Naive Bayes

We've looked at the Naive Bayes classifier from a probability point of view. Now let's apply code to it to a natural language processing problem.

### Before we begin... what is natural language processing?

- If I'm explaining this to my non-technical peers, natural language processing is just a way for us to get computers to understand written language the way you and I do.

- If I'm explaining this to someone with a more technical background, natural language processing is a set of tools that represent words as numbers. This is commonly done by feature engineering (i.e. turning words into columns in your dataframe), but more complicated methods exist.

You'll often see natural language processing abbreviated as **NLP**.

We'll cover NLP in detail later. In this case, we've already done the NLP for you where we turn social media posts into features. You and I will use these features in a Naive Bayes classification model to predict whether a post comes from Twitter or Facebook.

In [1]:
import pandas as pd

In [2]:
df = pd.read_csv('../processed_tweets.csv')

In [3]:
df.dropna(inplace=True)

In [4]:
df.reset_index(drop=True, inplace=True)

In [5]:
df.head()

Unnamed: 0.1,Unnamed: 0,unit_id,trusted_judgments,audience_feature,bias_feature,message_feature,label_feature,source_feature,text_feature,00,...,young,youtube,û_,ûª,ûªm,ûªre,ûªs,ûªt,ûªve,ûò
0,0,766192484.0,1.0,national,partisan,policy,From: Trey Radel (Representative from Florida),twitter,RT @nowthisnews: Rep.
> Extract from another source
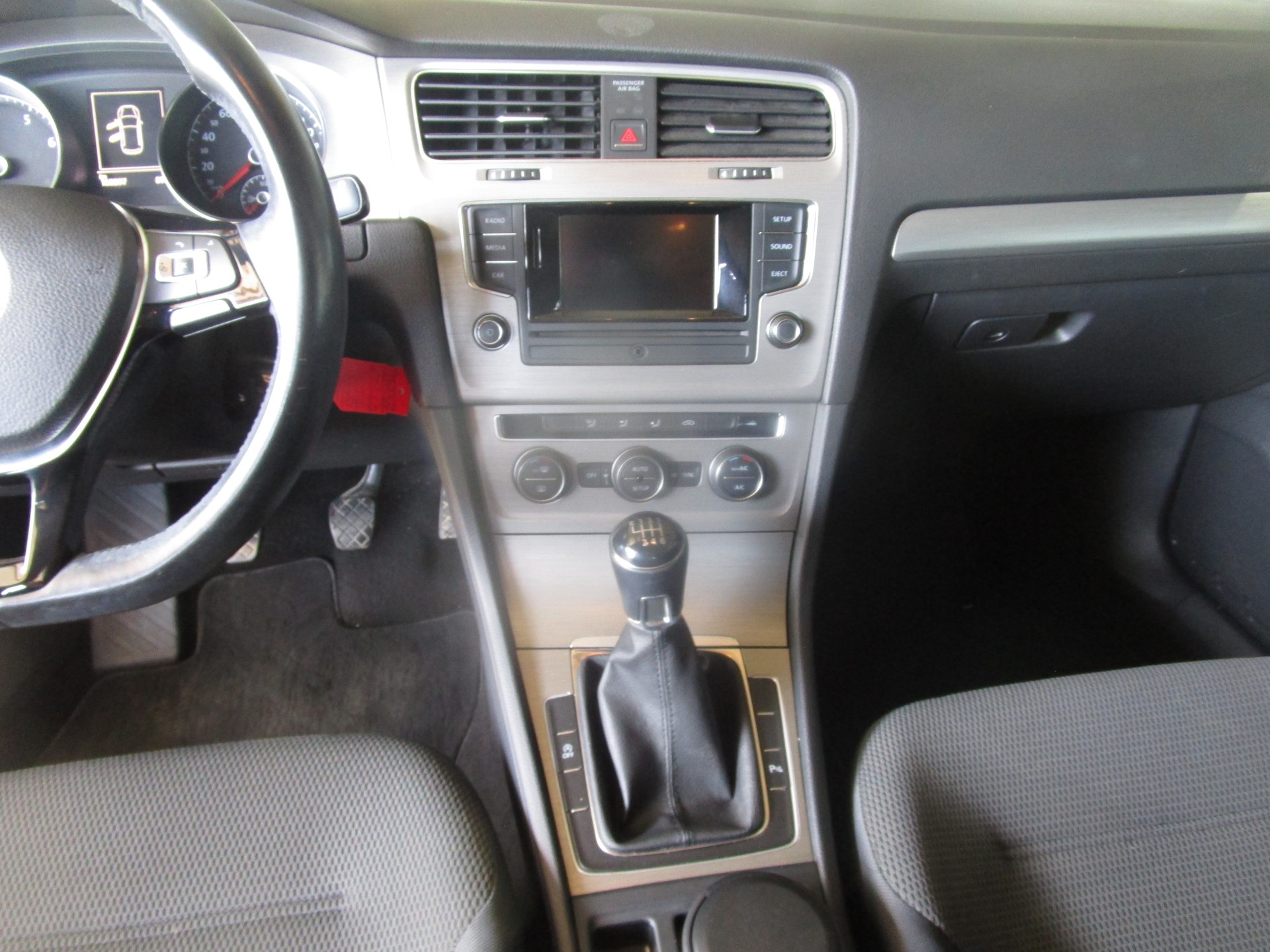 VW Golf 1.4 TSI Comfortline-image-9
Trey Radel (R- #FL) slam...,0.0,...,0.0,0.0,0.0,0.0,0.0,0.0,0.0,0.0,0.0,0.0
1,1,766192485.0,1.0,national,partisan,attack,From: Mitch McConnell (Senator from Kentucky),twitter,VIDEO - #Obamacare: Full of Higher Costs and ...,0.0,...,0.0,0.0,0.0,0.0,0.0,0.0,0.0,0.0,0.0,0.0
2,2,766192486.0,1.0,national,neutral,support,From: Kurt Schrader (Representative from Oregon),twitter,Please join me today in remembering our fallen...,0.0,...,0.0,0.0,0.0,0.0,0.0,0.0,0.0,0.0,0.0,0.0
3,3,766192487.0,1.0,national,neutral,policy,From: Michael Crapo (Senator from Idaho),twitter,RT @SenatorLeahy: 1st step toward Senate debat...,0.0,...,0.0,0.0,0.0,0.0,0.0,0.0,1.0,0.0,0.0,0.0
4,4,766192488.0,1.0,national,partisan,policy,From: Mark Udall (Senator from Colorado),twitter,.@amazon delivery #drones show need to update ...,0.0,...,0.0,0.0,0.0,0.0,0.0,0.0,0.0,0.0,0.0,0.0


We have social media data! This includes almost 5,000 messages on either Twitter or Facebook from various politicians. We can use the features we generated to predict things like whether the source is Twitter or Facebook, whether the bias is neutral or partisan, and so on.

In [6]:
df.shape

(4776, 509)

#### We've done a lot of the preprocessing of text for you! We have:
- gotten rid of some of the excess columns,
- broken each message (`text_feature`) out into columns and rows:
    - each row corresponds to one tweet or Facebook post.
    - each column corresponds to a word used.
    - each value corresponds to how many times that word was used in that Facebook post.
        - For example, if the word "health" was used four times in someone's Facebook post, then the value in the cell for that post and the "health" column should be 4.
- and removed particularly common words.

Over the next few days, you'll be learning how to do this on your own! If you want to check out the code that made this preprocessing happen, check out the `extras` folder in this repository. (This code will make more sense later this week.) 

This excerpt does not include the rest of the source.